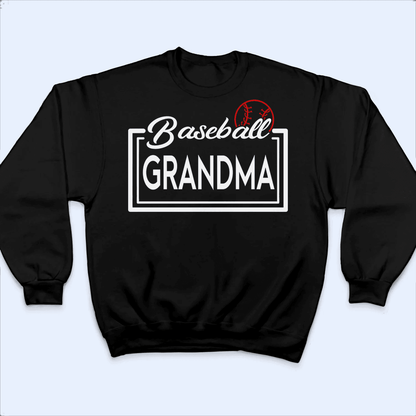Sporty Grandma - Personalized Custom T Shirt - Birthday, Loving, Funny Gift for Grandma/Nana/Mimi, Mom, Wife, Grandparent
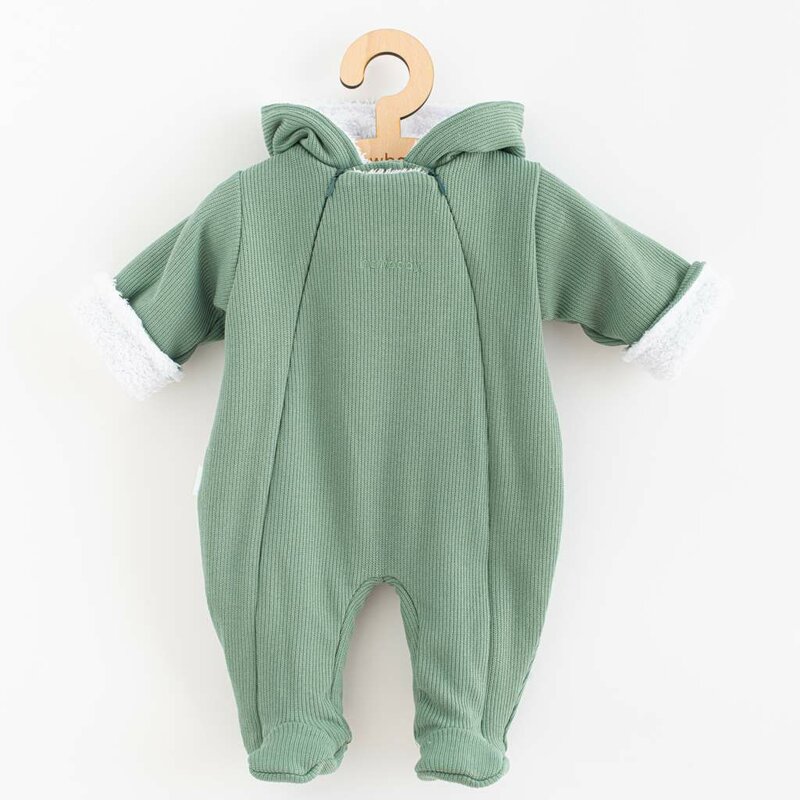 Salopeta New Baby Frosty Mint cu Glugă - 56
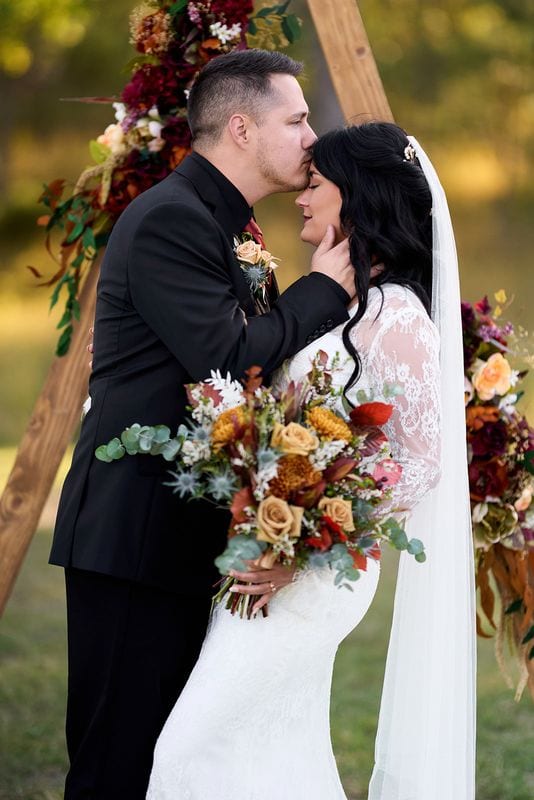Whitney + Devon wedding — bride + groom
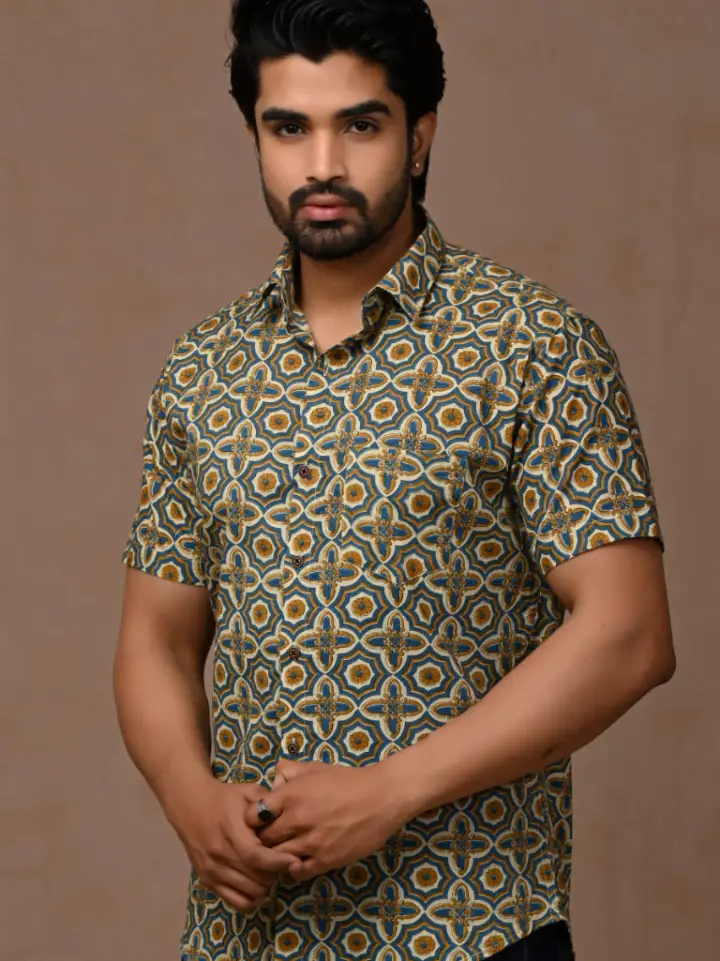 Half Sleeves Cotton Shirts for Men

━━━

Task description »
Find the line containing "Whitney + Devon wedding — bride + groom", then extract it and every line after it to the end of the data above, exactly and nothing else, without pictures.

Solution »
Whitney + Devon wedding — bride + groom
 Half Sleeves Cotton Shirts for Men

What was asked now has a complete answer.